Information provided
# # # # #

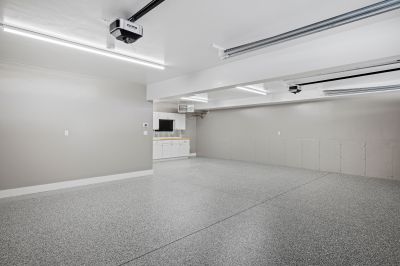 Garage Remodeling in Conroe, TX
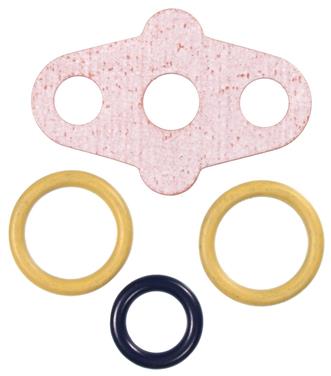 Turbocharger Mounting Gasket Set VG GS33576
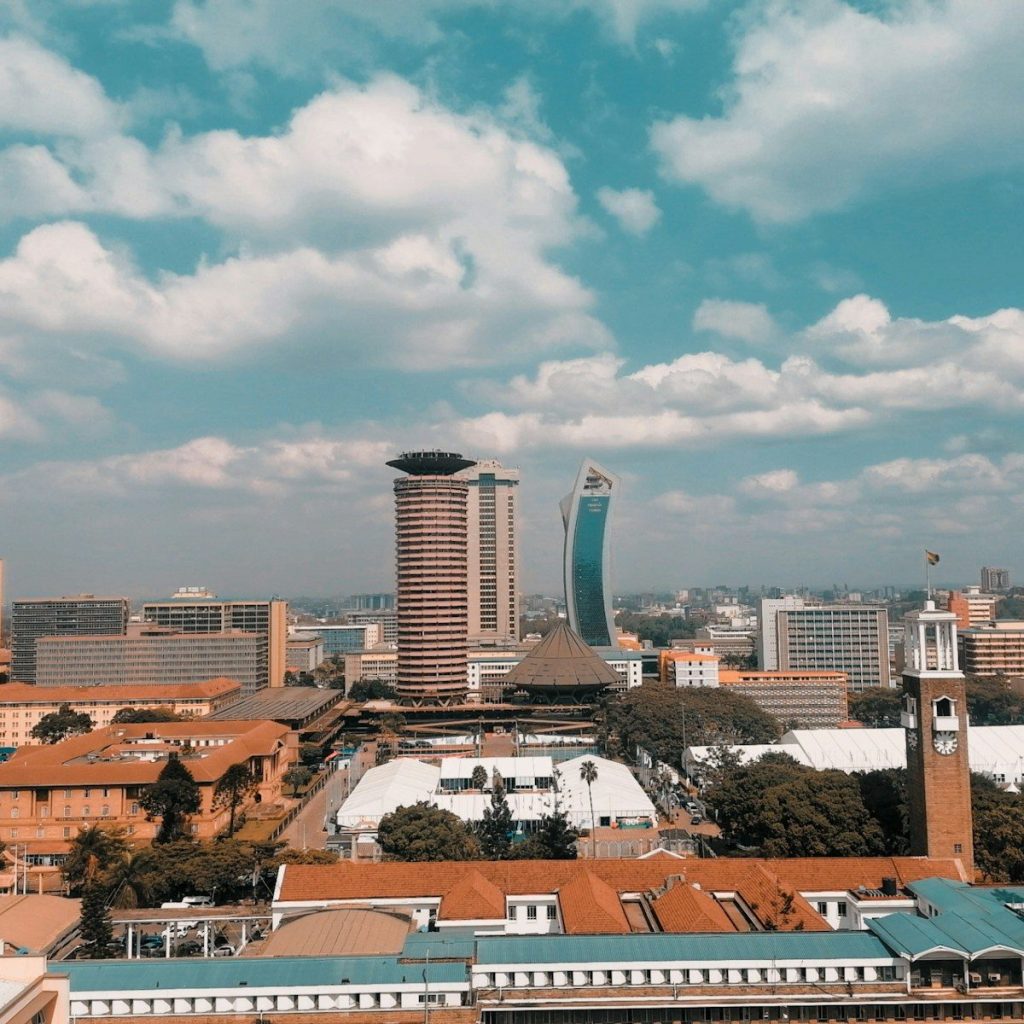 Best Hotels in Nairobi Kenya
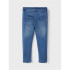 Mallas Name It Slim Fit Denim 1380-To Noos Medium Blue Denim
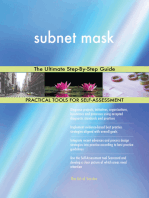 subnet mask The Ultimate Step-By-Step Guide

# # # # #

Hand back the records above exactly, leaving out every picture.

Result of this exercise
 Garage Remodeling in Conroe, TX
 Turbocharger Mounting Gasket Set VG GS33576
 Best Hotels in Nairobi Kenya
 Mallas Name It Slim Fit Denim 1380-To Noos Medium Blue Denim
 subnet mask The Ultimate Step-By-Step Guide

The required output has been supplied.